Catholic
- Coat of arms

Location
- Country: Philippines
- Territory: Agusan del Sur
- Ecclesiastical province: Cagayan de Oro

Statistics
- Area: 9,989.52 km^{2} (3,856.98 sq mi)
- PopulationTotal; Catholics;: (as of 2024); 739,367; 486,251 (65.8%);
- Parishes: 26

Information
- Denomination: Catholic Church
- Sui iuris church: Latin Church
- Rite: Roman Rite
- Established: October 15, 2024; 10 months ago
- Cathedral: Saint Michael the Archangel Cathedral Parish
- Patron saint: Michael the Archangel
- Secular priests: 32 (and 29 religious priests)

Current leadership
- Pope: Leo XIV
- Bishop: Ruben C. Labajo
- Metropolitan Archbishop: José A. Cabantan
- Vicar General: Isaleo C. Madelo

= Diocese of Prosperidad =

Latin Catholic diocese in the Philippines

The Diocese of Prosperidad is a diocese of the Latin Church of the Catholic Church in the Philippines.
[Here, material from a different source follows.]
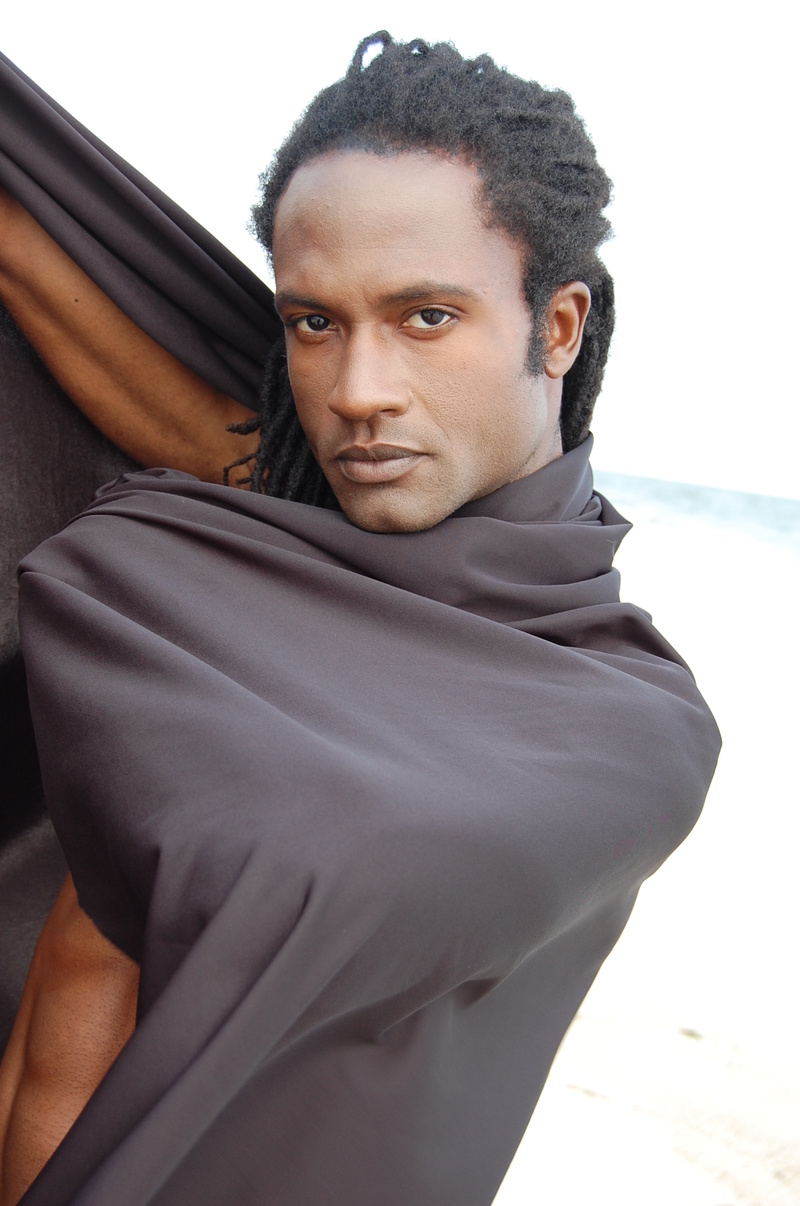 Male model photo shoot of suwayne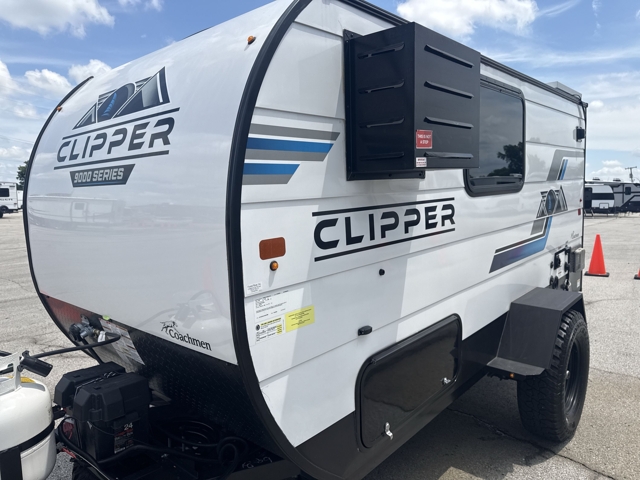 2024 Coachmen Clipper 9000ROK — photo 6 of 8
It was established on October 15, 2024, with its territory comprising the province of Agusan del Sur.

== History ==
During a preliminary assembly on July 9, 2023, in Kalibo, Aklan, the Catholic Bishops Conference of the Philippines voted in favor of the proposal of Bishop Cosme Almedilla of Butuan for the separation from Butuan of a new diocese that will cover the province of Agusan del Sur, which is considered a “missionary frontier” with a third of its population being indigenous peoples.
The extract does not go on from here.